“Call of Duty: Modern Warfare” has landed in a big way — scoring more than $600 million in sales after three days on the market. Produced by Infinity Ward and published by Activision, the “soft reboot” of the first-person shooter game was accompanied by a soundtrack released a week earlier and scored by Sarah Schachner, who enlisted legendary producer Mike Dean (Kanye West, Travis Scott) to help.
“Modern Warfare” focuses on the gritty realism of current-day terrorism. Players can enlist different perspectives (whether a single player campaign or the online multiplayer) and, in fact, Activision wanted the game to as realistic as possible. “It covers a lot of the types of situations that we see in war right now,” Schachner (pictured below), who also scored “COD: Infinite Warfare,” tells Variety. “ It deals with conflicts in the Middle East and Eastern Europe. You play as multiple characters and what’s interesting is that the game’s not from an American perspective. It’s not good guys versus bad guys. It’s not always clear what’s right or wrong. It’s gray. It’s messy. It’s confusing.”
Dean, who’s better known as the go-to hip-hop producer for the last decade-plus, confesses that he didn’t know anything about the game. “I just made tracks,” he says of the project which took over a year. The musical collaboration resulted in the two coming up with the multiplayer music.
Schachner really wanted Dean on board. As she explains: “The single player takes the most time because it’s this whole story with the most music in it. The multiplayer music gets done at the very end so normally, you’re tired; you’ve been working on it for so long; maybe your inspiration isn’t what it was in the beginning. I wanted to get a different vibe for the multiplayer music, but still relate to the rest of the score. I was thinking of doing a percussion session or adding a different instrument, but then I was, like, ‘No! Mike Dean.’”
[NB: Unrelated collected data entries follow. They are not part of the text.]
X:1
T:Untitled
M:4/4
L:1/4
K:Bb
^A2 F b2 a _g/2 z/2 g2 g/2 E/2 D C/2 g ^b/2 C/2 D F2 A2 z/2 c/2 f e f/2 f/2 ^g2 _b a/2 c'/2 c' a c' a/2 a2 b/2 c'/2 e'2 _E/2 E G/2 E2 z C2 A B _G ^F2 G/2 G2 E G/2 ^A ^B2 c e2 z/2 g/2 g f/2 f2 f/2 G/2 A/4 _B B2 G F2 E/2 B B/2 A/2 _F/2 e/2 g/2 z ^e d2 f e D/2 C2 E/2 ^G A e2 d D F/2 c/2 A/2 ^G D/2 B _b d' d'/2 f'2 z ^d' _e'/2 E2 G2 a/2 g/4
Schachner was a fan of Dean’s from his work with West and Scott. “Moog is really to thank, because I asked someone at Moog if they could test the waters [with Dean],” she says referring to the synthesizer favorite of the producer’s. “I didn’t think he’d be interested. I didn’t even think he would respond.”
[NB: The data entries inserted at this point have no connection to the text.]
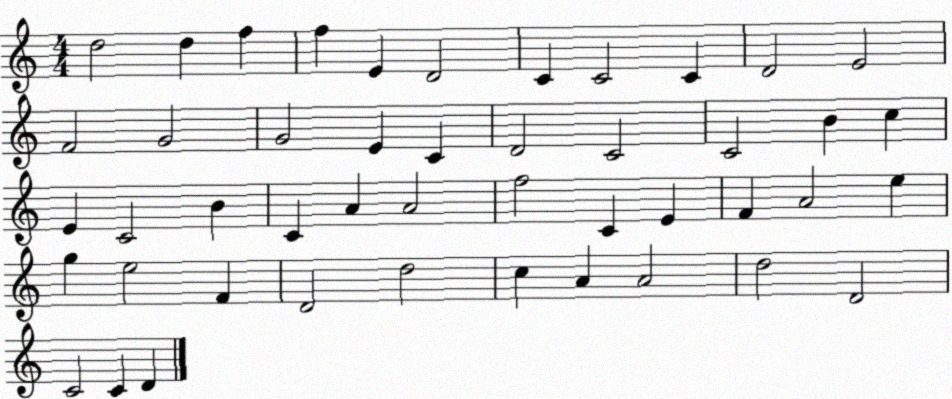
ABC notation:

X:1
T:Untitled
M:4/4
L:1/4
K:C
d2 d f f E D2 C C2 C D2 E2 F2 G2 G2 E C D2 C2 C2 B c E C2 B C A A2 f2 C E F A2 e g e2 F D2 d2 c A A2 d2 D2 C2 C D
But Dean became a fan after he saw Schachner on one of the demos for Moog’s new keyboard. As he recalls: “I thought her segment of the video was real cool.” Within a week, she was over at Dean’s home studio in Los Angeles.
While the two were planing on working on just one initial track, it turned into four. “We just kept going,” says Schachner, who generally doesn’t collaborate with others. “I always work completely alone, this was new for me … and it exceeded my expectations.”
As Schachner explains, Dean sent raw ideas to her — “some 808 grooves or some cool Moog 1 vibes” — and she would determine the best fits for the score. Adds Dean: ”I was just shooting in the dark.”
In fact, Dean looked to a classic composer, Hans Zimmer, and asked Schachner: “Kind of like this?” To which she adamantly responded, “No, don’t listen to that! Do you.”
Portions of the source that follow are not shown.